Separation of internal and external causes
The first topic in Hawkins’ proposal covers the possible roles of specific cortical layers and the separation of internal and external causes.
Hawkins suggests that cortical layers 3,4,5 and 6 are all implementing variants of the same algorithm, with minor differences. He also suggests that each layer is performing all functions (Spatial Pooling, Sequence Memory and Temporal Pooling. In higher hierarchy levels, Spatial Pooling may be absent). In CLA, these 3 components are implemented as a matrix of sequence-memory cells. Rules concerning how and when the cells activate each other in different input contexts implement the pooling and prediction features.
Hawkins also states that one distinction between layers 3 and 4 may be that cells in layer 4 are using copies of motor actions (internal causes), to predict better. In consequence, cells in layer 3 are left trying to predict the actions that layer 4 could not predict, i.e. relying more on historically-observed sequential patterns of activation. Although both layers will learn sequential patterns of activation, layer 3 will rely more heavily on history. External causes will more often generate input that can’t be explained by motor actions, so we might expect layer 3 to more often respond to external events.
This article will not discuss these ideas any further. We note them for clarity and to distinguish our focus. Instead, we will talk about how the new CLA TP could be used to construct a hierarchical representation of changes in input patterns over time.
Another, related feature of the HTM and CLA temporal poolers is that they emit a constant pattern of cell activity to generate stability. This is achieved by marking cells as “active” regardless of whether they are active via prediction or via feedfoward input. Although active-by-prediction and active-by-FF-input are distinguished within the region for learning purposes, this distinction is not visible to the next higher region in the hierarchy.
Old Temporal Pooler Cell Activity
For reference, this is an outline of the TP functionality in the “old” TP from the Numenta CLA white paper.

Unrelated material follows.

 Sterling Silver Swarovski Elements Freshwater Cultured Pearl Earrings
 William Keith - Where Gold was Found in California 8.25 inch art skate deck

The diagrams in this article each have 3 parts. At the top is a graph showing a fragment (in graph terminology, a component) of the Sequence Memory encoded by the cells in the region. Arrows show the learnt transitions between cells. Below the graph is a series of observations (marked “FF input”) and the corresponding pattern of cell activity when each Feed-Forward (FF) input is observed. Each column represents a single cell from the sequence memory and its activity over time. Each row in the lower part of the diagrams shows all cells’ activity at one moment. Cells are filled white when they are active and black when not active:
|Figure 1: Spatial pooler and temporal pooler cell activity in the original CLA white paper. This image compares two patterns of cell activity over time, shown left and right. The left subfigure shows cell activity in spatial pooler cells, where the active cell[s] are the ones whose input bits most closely match current FF input. The right subfigure shows the original CLA temporal pooling method, where cells become active when predicted far in advance of their FF input being observed, and remain active until after the associated FF input is observed. In this example, ⅔ of the active cells are identical after each FF input change. A ‘P’ denotes cells activated due to prediction. Each subfigure has 3 parts. The main part is a matrix showing sequence memory cell activity over time. Each row is one time-step, numbered 1 to 5. The FF input observed at each time step is shown in a column to the left. The top row shows a fragment of Sequence Memory formed by the cells, and the colours each cell responds to. In this simple example, the Sequence Memory graph is simply a sequence of states that are always observed in the same order.|
Spatial Pooler cell activity is easiest to explain (figure 1, left). In figure 1, we see that the Sequence Memory has learnt that the colours Red, Yellow, Green, Blue and Black occur in order. One cell responds uniquely to each of these colours, creating the diagonal line of active cells over time. Each cell is only active for the duration of its FF input being observed.
The original temporal pooler premise was to drive cells to an active state via prediction (cells active via prediction are marked with a ‘P’) as early as possible. The cells would then remain active until either the prediction was no longer made (e.g. due to observation of an unexpected FF input pattern) or the cell becomes active via its FF input.
Time and Stability
You can see in the figure above that in a sequence of predictable inputs each cell is active over a period of 3 input changes (the only meaningful way to measure time in these examples). So let’s assume each input change is one time step.
The cells are shown to be active for an arbitrary period of time – to keep the diagrams simple the minimum period is shown. In reality a fixed activation period is unlikely; it will depend on the activation or prior cells in the sparse distributed representation. However, it is still possible to make the point that at any time during a predictable sequence, a set of cells is active. Most of those cells are not changing between time steps and will be active after the next FF input change. This is the temporal pooler in action.
In the example above, each cell is predicted up to 2 steps before the corresponding input is observed. Therefore, in a predictable sequence 3 cells are simultaneously active, 2 of them due to prediction and one due to FF input.
Although the output of the temporal pooler is continuously changing, most of the active cells are not changed between inputs. In this case, 2/3 of the output is stable. With longer activation of TP cells, a larger fraction of the output becomes stable.
Noisy recognition and resource constraint assumptions
To simplify the problem observed by the next level in the hierarchy it is necessary to have cell activity changes in the lower level without corresponding cell activity changes in the higher level. Given that the TP output is continuously changing, how do we sometimes avoid cell activity changes in the higher level?
There are two parts to the answer. First, all cells’ FF input are Sparse Distributed Representations (SDRs). These are large sets of input bits, of which only a few are active at any given time. The Spatial Pooler in CLA recognises FF inputs when only a fraction of the expected (synapsed) input bits are active. For example, a cell may become active from FF input when 80% of its FF input bits are active – any 80%. The set of active input bits can change while the cell is active. This means that cells’ recognition is tolerant to noisy FF input.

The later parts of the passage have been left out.